- **DATA SUPPLIED**:
┏━━

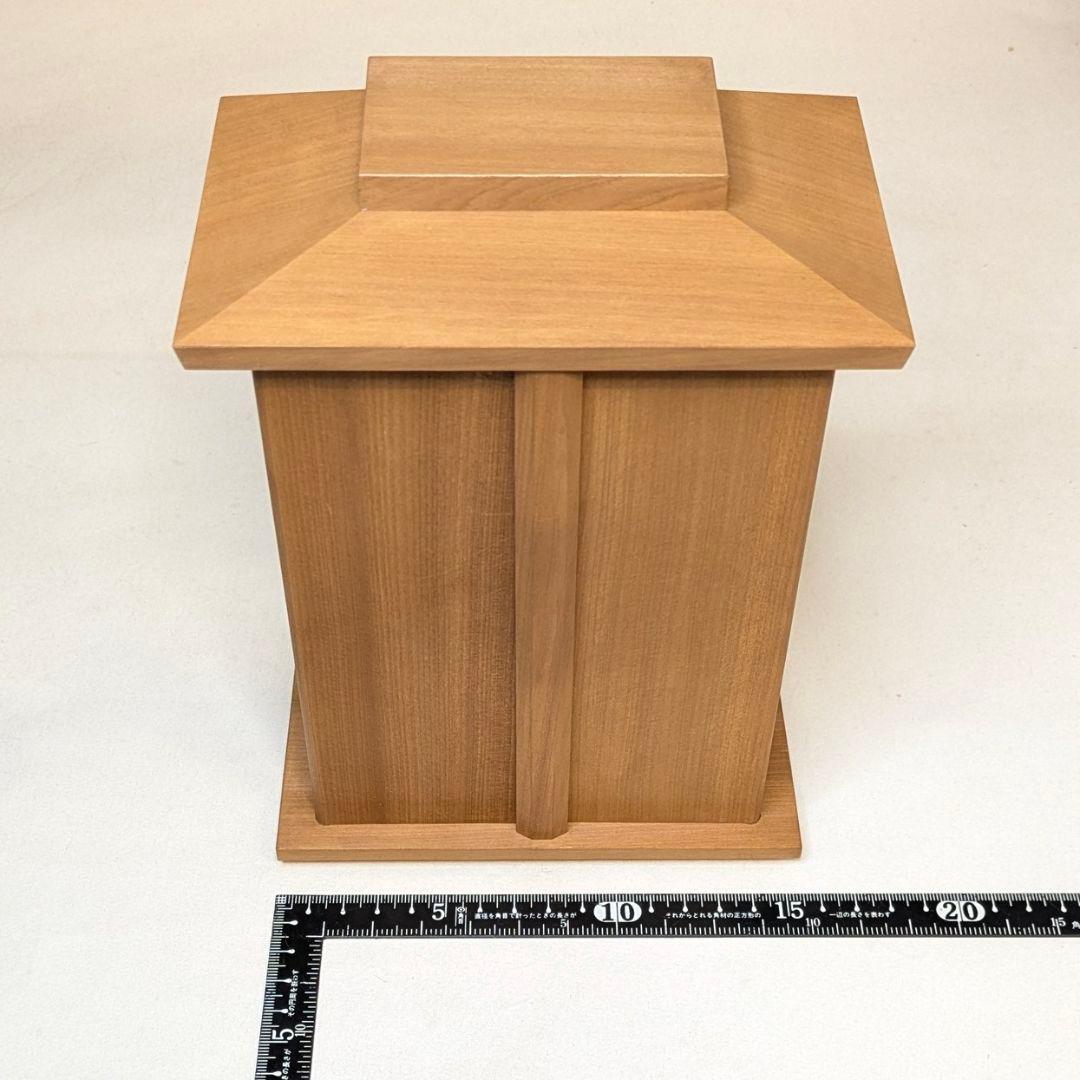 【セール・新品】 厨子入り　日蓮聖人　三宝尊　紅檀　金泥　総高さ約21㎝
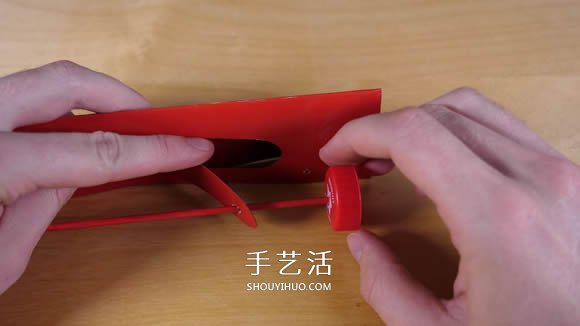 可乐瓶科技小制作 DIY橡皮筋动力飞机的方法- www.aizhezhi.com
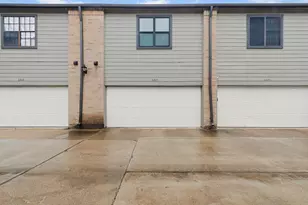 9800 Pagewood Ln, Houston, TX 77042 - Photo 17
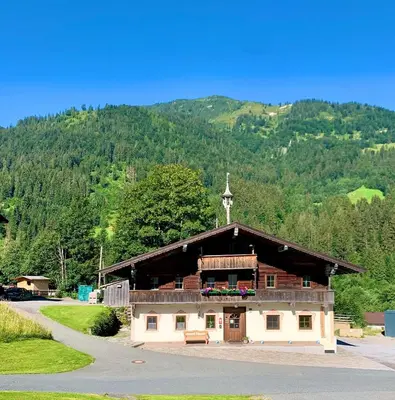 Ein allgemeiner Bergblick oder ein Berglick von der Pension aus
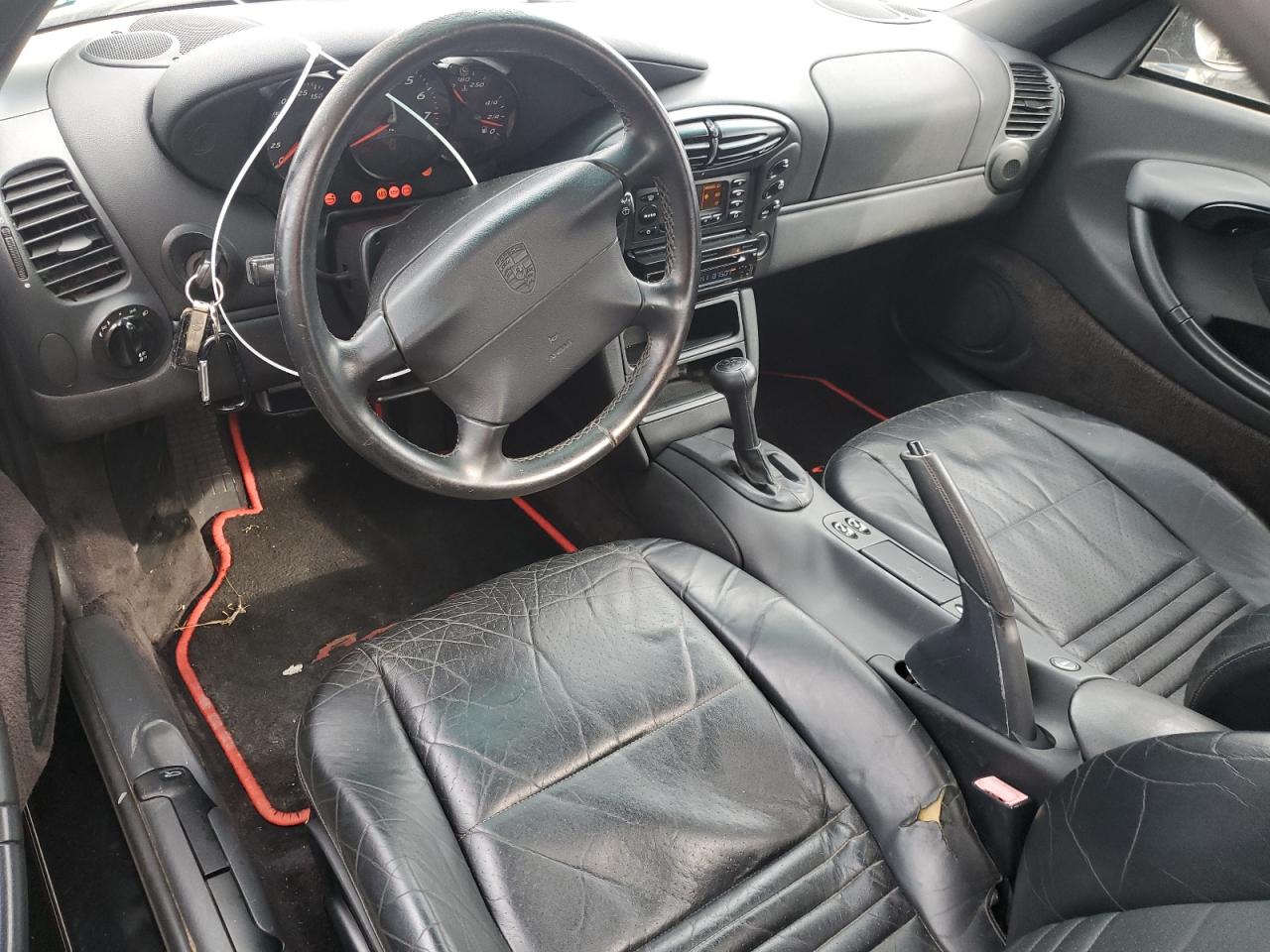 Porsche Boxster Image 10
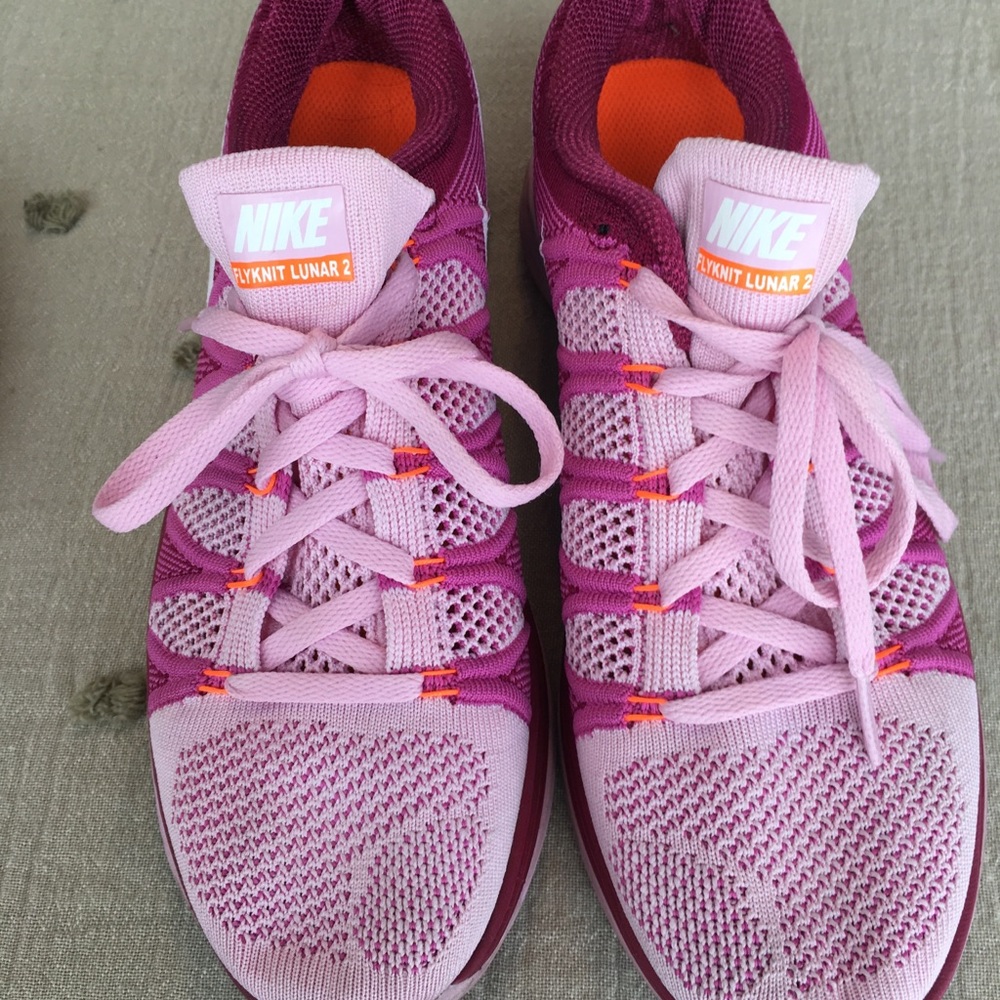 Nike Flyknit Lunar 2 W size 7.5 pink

┗━━

Copy the listing above in full and exactly, but omit each picture that it holds.

 【セール・新品】 厨子入り　日蓮聖人　三宝尊　紅檀　金泥　総高さ約21㎝
 可乐瓶科技小制作 DIY橡皮筋动力飞机的方法- www.aizhezhi.com
 9800 Pagewood Ln, Houston, TX 77042 - Photo 17
 Ein allgemeiner Bergblick oder ein Berglick von der Pension aus
 Porsche Boxster Image 10
 Nike Flyknit Lunar 2 W size 7.5 pink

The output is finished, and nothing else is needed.